Limiting Distribution

**akolman** · March 21st 2009, 04:21 PM

Hello,

I'm stuck with this problem.

Let $Z_n$ be $\chi^2(n)$ and let $W_n=\frac{Z_n}{n^2}$ . Find the limiting distribution of $W_n$ .

I tried getting the mgf of $W_n$ and then take the limit as $n \to \infty$ to the mgf of the limiting distribution
This is what I got, but I don't know if it's right.
$M_{W_n}(t)=\left( 1- \frac{2t}{n^2} \right)^{-\frac{n}{2}}$ for $t < \frac{n^2}{2}$ .

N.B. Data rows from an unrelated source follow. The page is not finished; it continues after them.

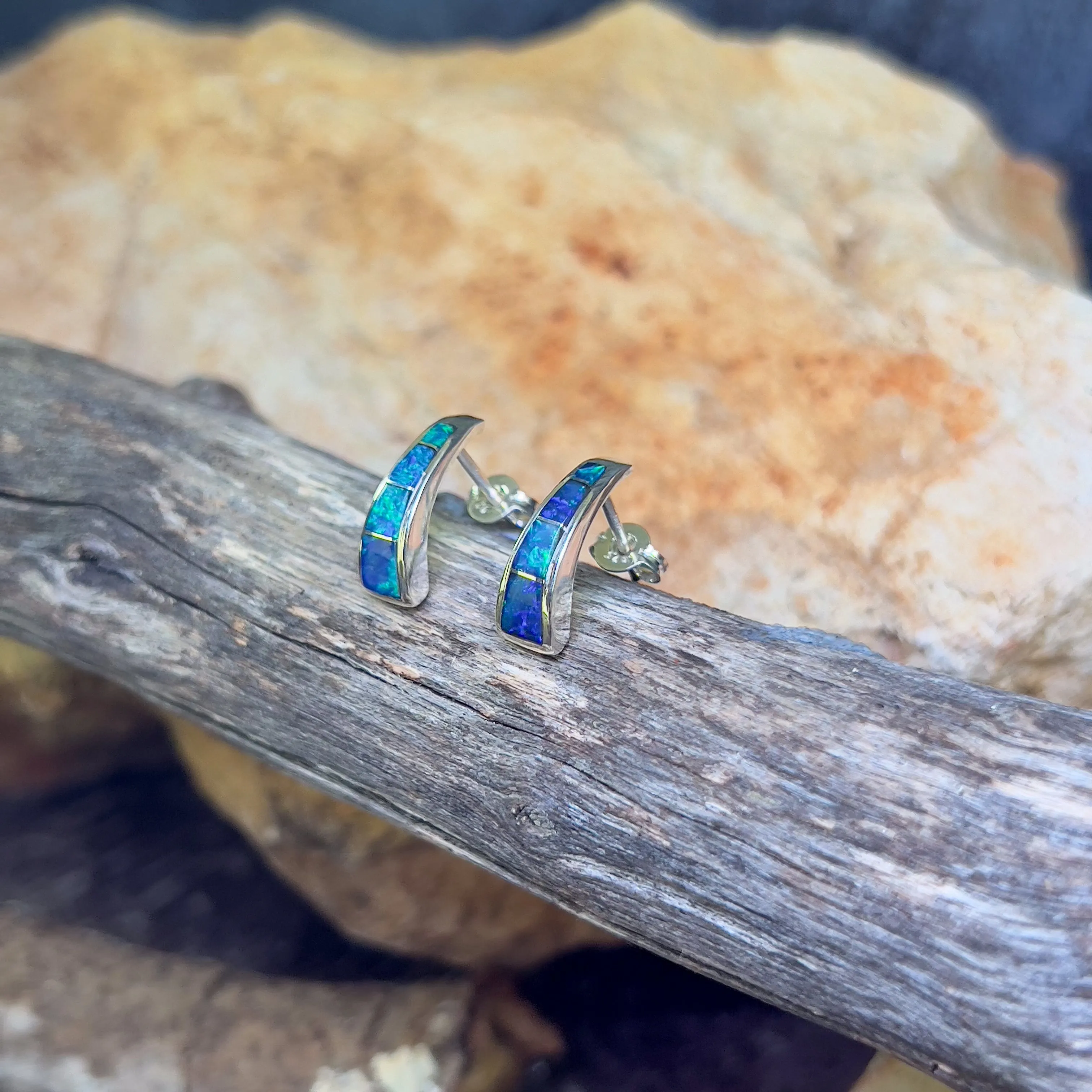 Sterling Silver Drop studs Opal inlay
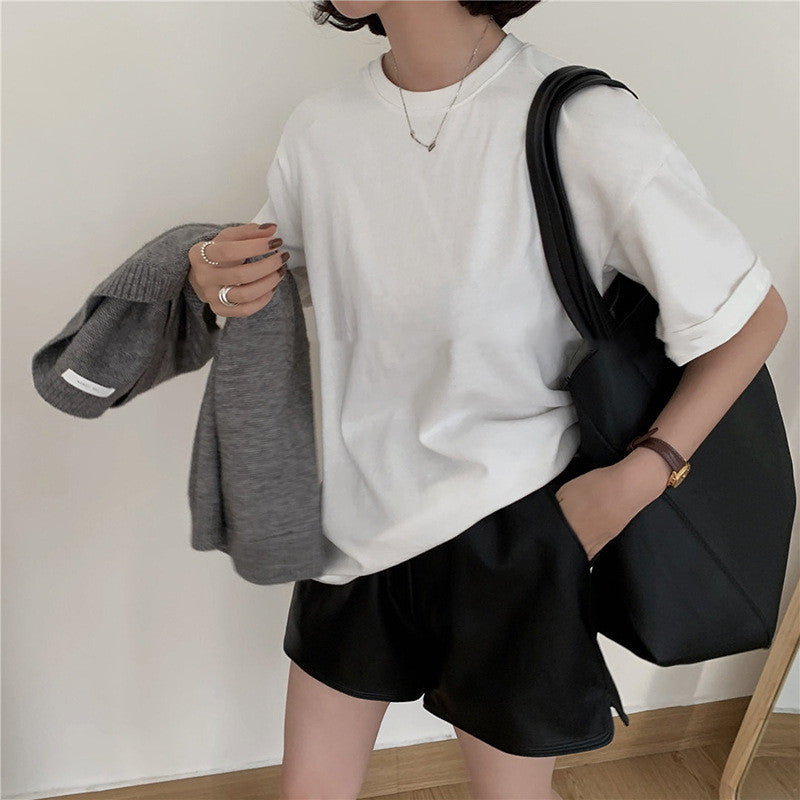 White round neck short sleeve curled bottoming shirt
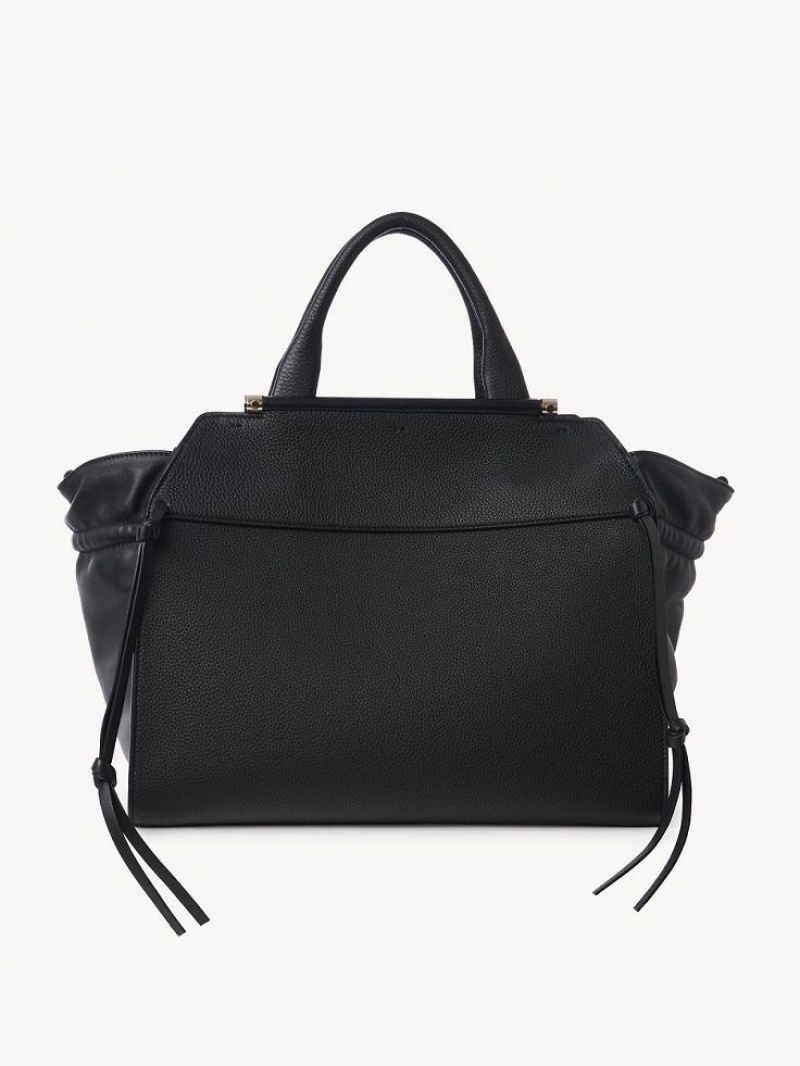 Chloe Steph Medium Double Carry Tote Çanta Siyah | CHE-SR13372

I don't know how to arrange the mgf so I can get an e as I take the limit....

Thanks in advance.

**mr fantastic** · March 21st 2009, 07:21 PM

Originally Posted by akolman

Hello,

I'm stuck with this problem.

Let $Z_n$ be $\chi^2(n)$ and let $W_n=\frac{Z_n}{n^2}$ . Find the limiting distribution of $W_n$ .

I tried getting the mgf of $W_n$ and then take the limit as $n \to \infty$ to the mgf of the limiting distribution
This is what I got, but I don't know if it's right.
$M_{W_n}(t)=\left( 1- \frac{2t}{n^2} \right)^{-\frac{n}{2}}$ for $t < \frac{n^2}{2}$ .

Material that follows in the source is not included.